Considering all other portfolios sorted, we report evidence of a statistically significant underperformance of high-risk stocks, that is, stocks with simultaneously high (idiosyncratic) volatility and high (idiosyncratic) skewness, in both markets. In this context, significant performance differentials may be attributed to the widely known low-volatility anomaly, which can be traced back to Black (1972) and Haugen and Heins (1975). Contradicting the Capital Asset Pricing Model (Sharpe 1964), the low-volatility anomaly states that low-risk assets, irrespective of the applied risk measure, have superior returns.Footnote 5

Private sector holdings

Securities holdings statistics data

Data on private sector holdings come from the SHS-base which is a reasonable indicator for the distribution of listed securities among German households. The SHS-base is a collection of obligatory reports filed by all financial institutions domiciled in Germany to Deutsche Bundesbank (Bade et al. 2017). The available data contain quarterly observations from the fourth quarter of 2005 to the fourth quarter 2012; each observation is from the end of the last month of the quarter. Starting in January 2013, the SHS-base changed to monthly observations. Monthly data are obtained up until June 2017. Accordingly, they reflect end-of-month security holdings. Subsequently, SHS-base data points are labeled security-month observations.

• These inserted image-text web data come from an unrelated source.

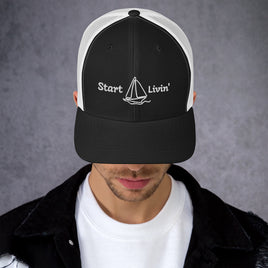 Start Living Cap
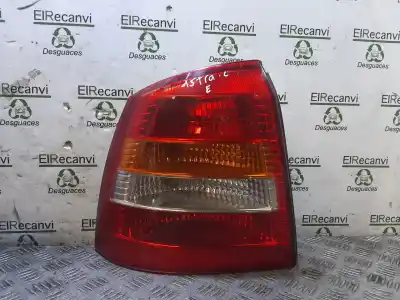 Автозапчастина б/у лівий ход ліхар для OPEL ASTRA G CARAVAN Comfort Посилання на OEM IAM 90521542   Автозапчастина б/у лівий ход ліхар для OPEL ASTRA G CARAVAN Comfort Посилання на OEM IAM 90521542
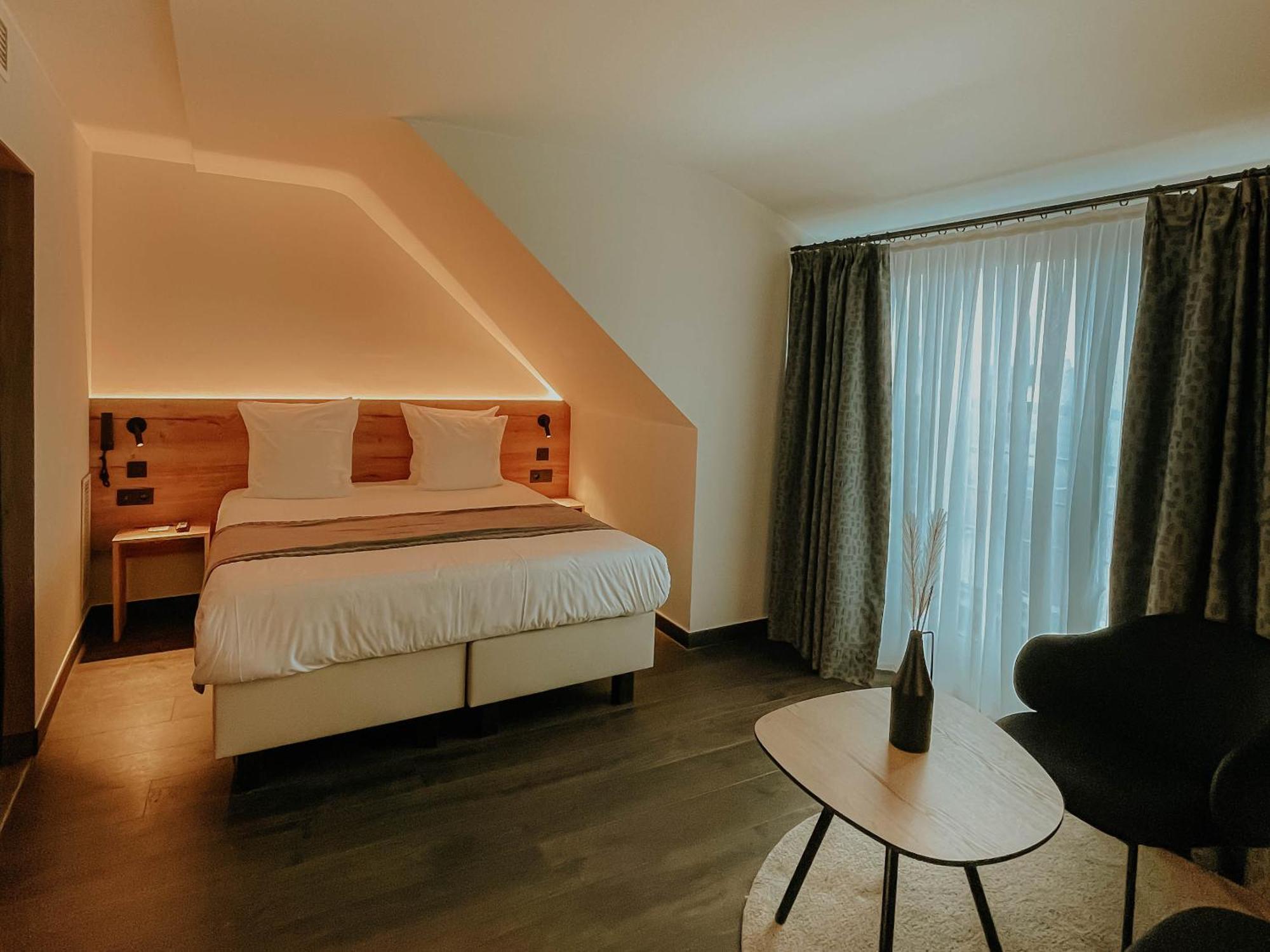 Hotel Harmony Gent Exteriér fotografie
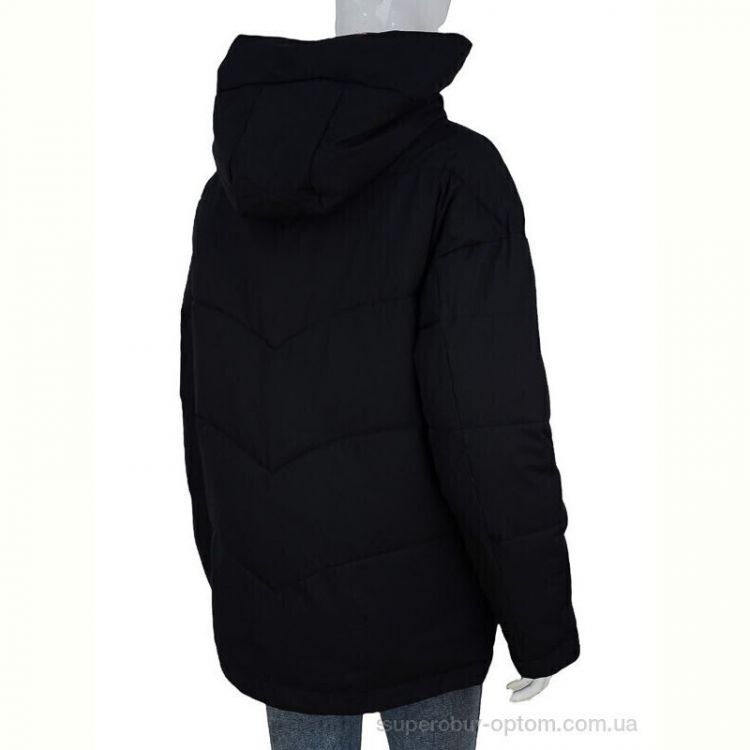 Куртка П2П Design 332-01 black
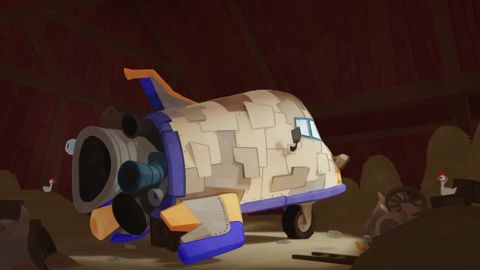 WING IT! - Blender Open Movie, 01:25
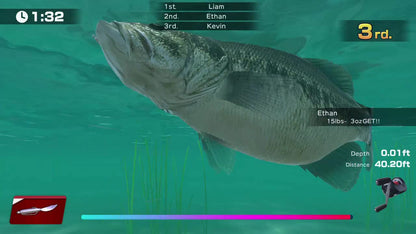 Simple Series For Nintendo Switch Vol.3 The Bass Fishing -Switch- Japan Figure Store - #1 Bring To You The Best Japanese Goods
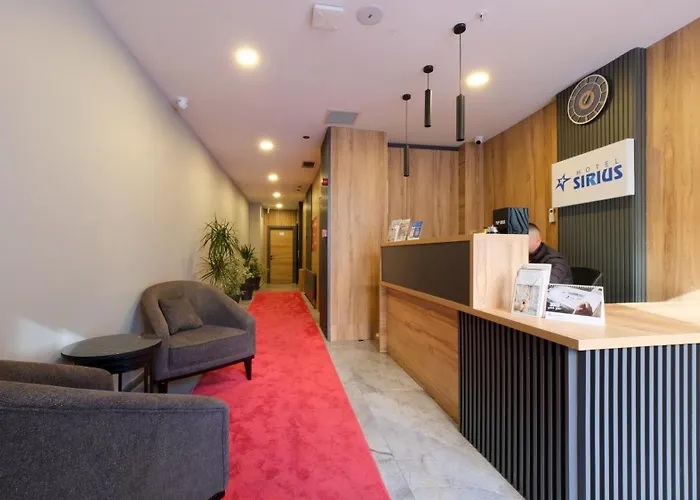 Sirius Deluxe Hotel 4*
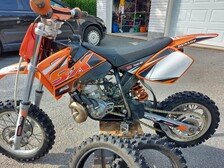 KTM 50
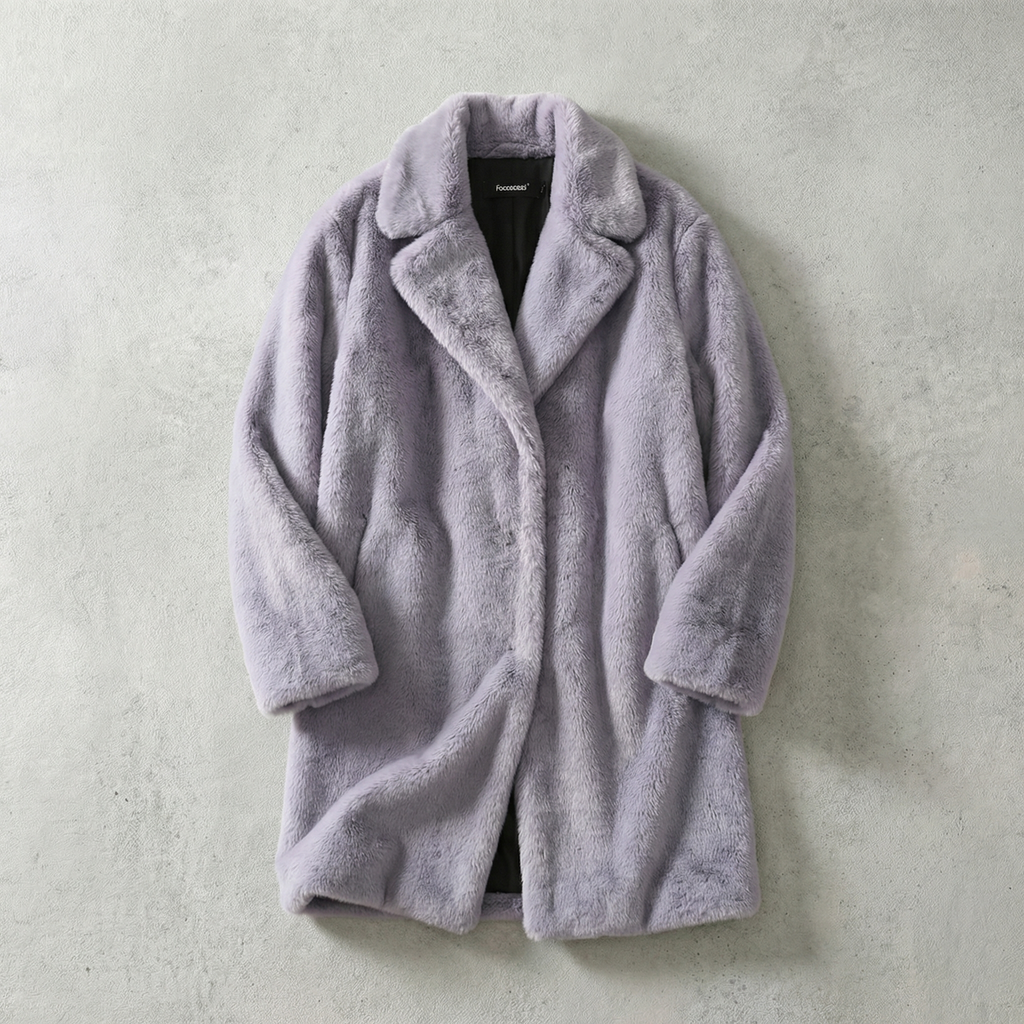 Chelsea Faux Fur Coat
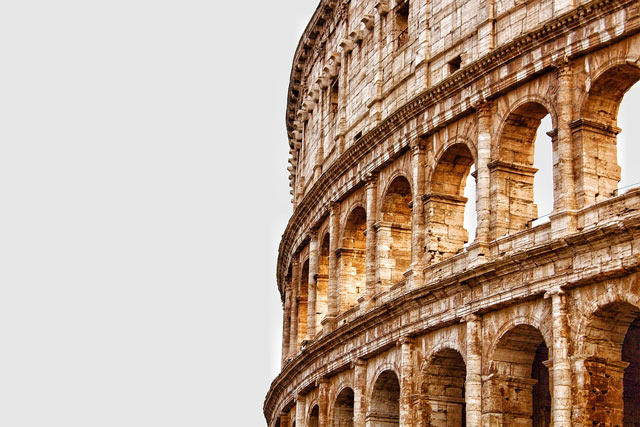 imperio romano - el coliseo imperio romano - el coliseo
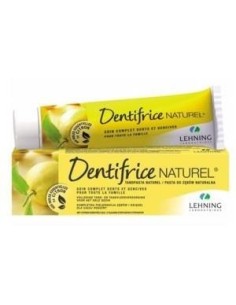 Dentifrico Lehning  80  Gramos Lehning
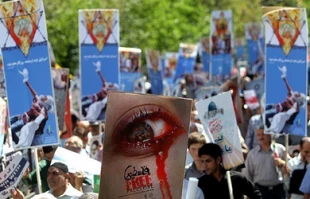 فلسطین درمردادماه91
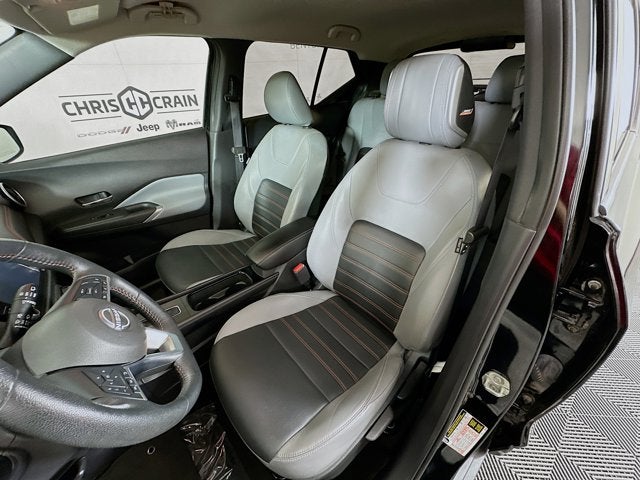 2024 Nissan Kicks SR Xtronic CVT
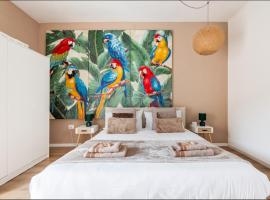 Casa Il sole, vicino Deruta Assisi Perugia Monte Falco，位于德鲁塔的酒店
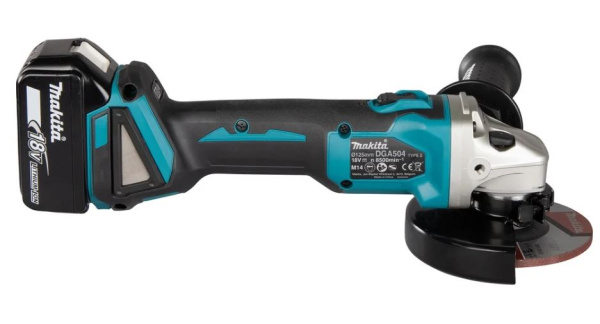 фото Шлифовальная машина угловая Makita DGA504RT в Казани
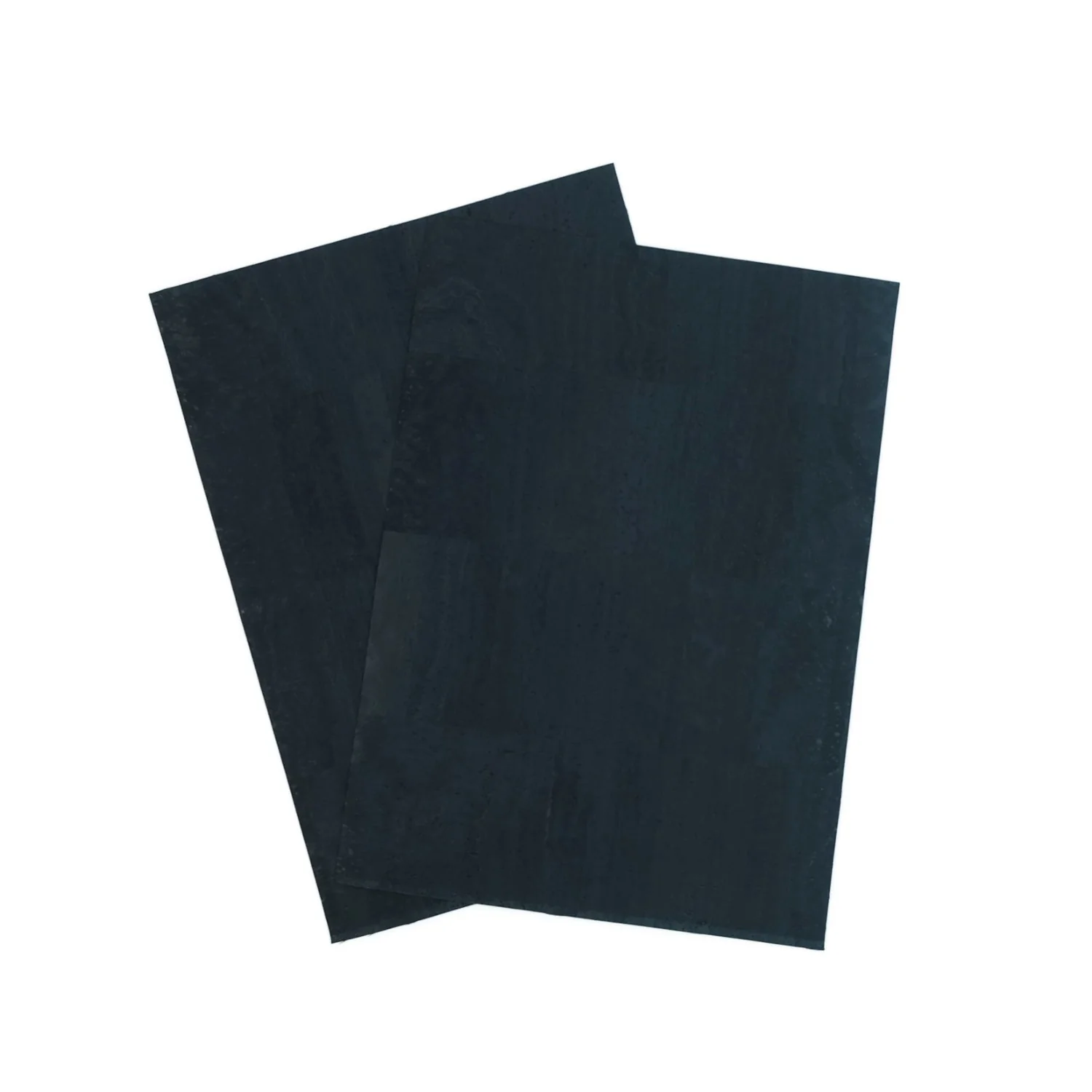 Korkleder Marineblau Muster - Image 3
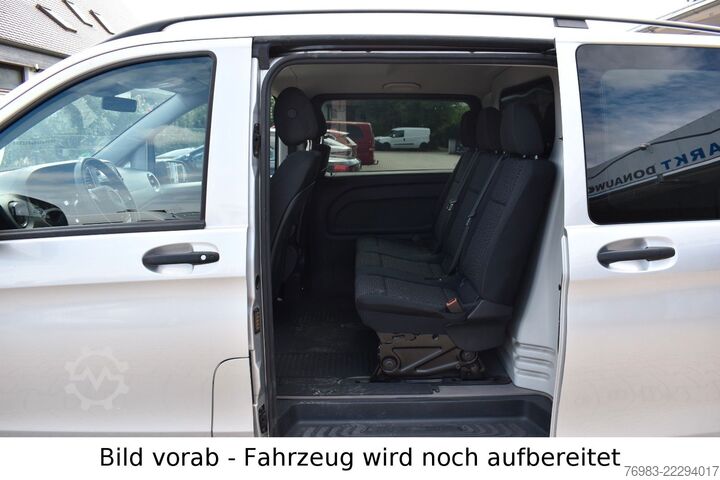 Minibus MERCEDES-BENZ Vito Mixto 114 CDI 4x4 kompakt 9 G-Tronic 5 Sitz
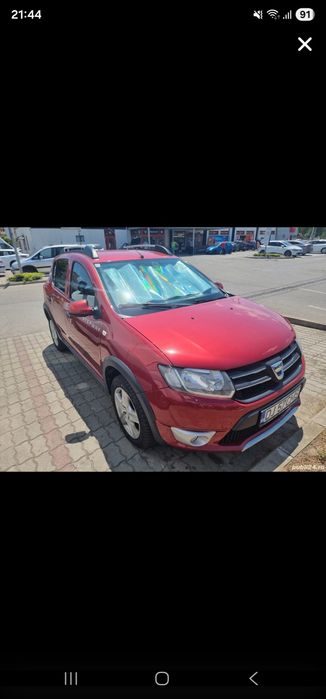 Dacia logan stepway 0.9 benzina 5950 euro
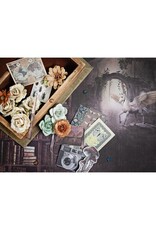 PRIMA PRIMA MARKETING NATURE ACADEMIA CHIPBOARD STICKERS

The reports comprise data on all debt securities, shares, and mutual funds stored at the reporting institutions that correspond to German households. Security holdings are reported by their ISIN. For each security-month observation, Deutsche Bundesbank provides the aggregated market value of the shares owned by German households that comprises the aggregated number of shares multiplied by the corresponding end-of-month market price in EUR. In contrast to discount and retail brokerage data which mirror portfolios of a corresponding client base, SHS-base aggregated market values are based on the shares owned by the entirety of German households. Hence, the SHS-base dataset, as applied in this analysis, gives information about the actual (unbiased) distribution of German private sector funds across the considered securities (Oehler and Wanger 2020).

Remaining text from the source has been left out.